__Exercise prompt__.
Reply with exactly the lines from the one that contains "Slice App animation" through the last line of the records below, and with no other lines.

================

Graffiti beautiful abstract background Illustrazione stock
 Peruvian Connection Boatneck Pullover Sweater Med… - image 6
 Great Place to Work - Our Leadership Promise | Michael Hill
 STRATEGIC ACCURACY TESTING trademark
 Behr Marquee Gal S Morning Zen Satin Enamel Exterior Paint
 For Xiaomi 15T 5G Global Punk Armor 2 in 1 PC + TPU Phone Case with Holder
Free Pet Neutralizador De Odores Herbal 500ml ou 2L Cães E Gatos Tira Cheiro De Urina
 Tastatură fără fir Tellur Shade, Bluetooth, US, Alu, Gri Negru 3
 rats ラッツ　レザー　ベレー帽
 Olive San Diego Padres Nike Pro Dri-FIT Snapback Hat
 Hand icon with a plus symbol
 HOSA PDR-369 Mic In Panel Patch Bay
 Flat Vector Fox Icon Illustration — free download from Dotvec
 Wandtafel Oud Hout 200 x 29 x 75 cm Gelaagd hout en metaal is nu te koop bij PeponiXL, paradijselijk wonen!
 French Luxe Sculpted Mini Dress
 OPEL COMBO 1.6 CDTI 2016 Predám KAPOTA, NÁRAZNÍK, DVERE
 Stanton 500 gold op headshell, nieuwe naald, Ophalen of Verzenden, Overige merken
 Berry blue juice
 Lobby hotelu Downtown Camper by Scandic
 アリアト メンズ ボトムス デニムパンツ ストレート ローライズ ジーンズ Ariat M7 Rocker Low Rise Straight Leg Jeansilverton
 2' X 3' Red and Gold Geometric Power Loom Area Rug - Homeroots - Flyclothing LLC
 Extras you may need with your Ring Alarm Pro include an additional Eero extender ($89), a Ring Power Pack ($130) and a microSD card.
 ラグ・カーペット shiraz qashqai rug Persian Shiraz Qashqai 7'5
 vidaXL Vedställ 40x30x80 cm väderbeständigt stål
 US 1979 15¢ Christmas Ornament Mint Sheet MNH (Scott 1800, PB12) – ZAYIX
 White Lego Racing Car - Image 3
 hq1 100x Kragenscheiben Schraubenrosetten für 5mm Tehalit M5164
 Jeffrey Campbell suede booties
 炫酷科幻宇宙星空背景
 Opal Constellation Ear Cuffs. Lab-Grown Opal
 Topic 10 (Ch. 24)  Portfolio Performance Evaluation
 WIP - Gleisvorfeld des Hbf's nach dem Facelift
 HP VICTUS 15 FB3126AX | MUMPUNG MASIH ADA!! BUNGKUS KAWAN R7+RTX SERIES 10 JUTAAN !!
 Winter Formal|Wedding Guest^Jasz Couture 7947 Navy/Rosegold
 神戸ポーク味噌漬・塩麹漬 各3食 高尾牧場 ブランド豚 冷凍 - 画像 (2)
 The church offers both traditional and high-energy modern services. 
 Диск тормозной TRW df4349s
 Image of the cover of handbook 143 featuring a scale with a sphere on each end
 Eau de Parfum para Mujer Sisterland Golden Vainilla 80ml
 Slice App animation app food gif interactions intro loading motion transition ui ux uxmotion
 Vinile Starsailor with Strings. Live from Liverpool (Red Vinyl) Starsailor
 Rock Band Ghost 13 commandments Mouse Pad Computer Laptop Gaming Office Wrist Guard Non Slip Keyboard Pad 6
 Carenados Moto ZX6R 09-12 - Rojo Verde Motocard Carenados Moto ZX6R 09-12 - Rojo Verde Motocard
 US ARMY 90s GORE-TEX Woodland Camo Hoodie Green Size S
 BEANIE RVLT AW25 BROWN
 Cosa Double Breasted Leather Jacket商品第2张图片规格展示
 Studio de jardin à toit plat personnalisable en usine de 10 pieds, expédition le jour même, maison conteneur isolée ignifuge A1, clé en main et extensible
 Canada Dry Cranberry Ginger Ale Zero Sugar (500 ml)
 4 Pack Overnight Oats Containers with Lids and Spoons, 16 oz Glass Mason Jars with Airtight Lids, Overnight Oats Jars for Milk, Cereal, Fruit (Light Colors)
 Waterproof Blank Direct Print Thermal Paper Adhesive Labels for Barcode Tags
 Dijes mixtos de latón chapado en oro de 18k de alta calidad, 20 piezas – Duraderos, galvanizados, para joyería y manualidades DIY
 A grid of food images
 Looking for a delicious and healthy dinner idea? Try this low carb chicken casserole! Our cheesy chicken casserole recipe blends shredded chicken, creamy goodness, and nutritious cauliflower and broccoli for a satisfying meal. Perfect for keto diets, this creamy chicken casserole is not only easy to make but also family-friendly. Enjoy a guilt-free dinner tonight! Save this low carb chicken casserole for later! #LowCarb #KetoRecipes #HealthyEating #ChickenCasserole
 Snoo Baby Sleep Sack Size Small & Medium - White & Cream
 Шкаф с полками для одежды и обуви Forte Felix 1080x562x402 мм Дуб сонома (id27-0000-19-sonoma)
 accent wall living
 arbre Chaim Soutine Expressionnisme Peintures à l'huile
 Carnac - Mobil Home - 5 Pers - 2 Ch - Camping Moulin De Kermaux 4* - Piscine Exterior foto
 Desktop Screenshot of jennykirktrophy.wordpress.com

================

__Answer for this exercise__.
 Slice App animation app food gif interactions intro loading motion transition ui ux uxmotion
 Vinile Starsailor with Strings. Live from Liverpool (Red Vinyl) Starsailor
 Rock Band Ghost 13 commandments Mouse Pad Computer Laptop Gaming Office Wrist Guard Non Slip Keyboard Pad 6
 Carenados Moto ZX6R 09-12 - Rojo Verde Motocard Carenados Moto ZX6R 09-12 - Rojo Verde Motocard
 US ARMY 90s GORE-TEX Woodland Camo Hoodie Green Size S
 BEANIE RVLT AW25 BROWN
 Cosa Double Breasted Leather Jacket商品第2张图片规格展示
 Studio de jardin à toit plat personnalisable en usine de 10 pieds, expédition le jour même, maison conteneur isolée ignifuge A1, clé en main et extensible
 Canada Dry Cranberry Ginger Ale Zero Sugar (500 ml)
 4 Pack Overnight Oats Containers with Lids and Spoons, 16 oz Glass Mason Jars with Airtight Lids, Overnight Oats Jars for Milk, Cereal, Fruit (Light Colors)
 Waterproof Blank Direct Print Thermal Paper Adhesive Labels for Barcode Tags
 Dijes mixtos de latón chapado en oro de 18k de alta calidad, 20 piezas – Duraderos, galvanizados, para joyería y manualidades DIY
 A grid of food images
 Looking for a delicious and healthy dinner idea? Try this low carb chicken casserole! Our cheesy chicken casserole recipe blends shredded chicken, creamy goodness, and nutritious cauliflower and broccoli for a satisfying meal. Perfect for keto diets, this creamy chicken casserole is not only easy to make but also family-friendly. Enjoy a guilt-free dinner tonight! Save this low carb chicken casserole for later! #LowCarb #KetoRecipes #HealthyEating #ChickenCasserole
 Snoo Baby Sleep Sack Size Small & Medium - White & Cream
 Шкаф с полками для одежды и обуви Forte Felix 1080x562x402 мм Дуб сонома (id27-0000-19-sonoma)
 accent wall living
 arbre Chaim Soutine Expressionnisme Peintures à l'huile
 Carnac - Mobil Home - 5 Pers - 2 Ch - Camping Moulin De Kermaux 4* - Piscine Exterior foto
 Desktop Screenshot of jennykirktrophy.wordpress.com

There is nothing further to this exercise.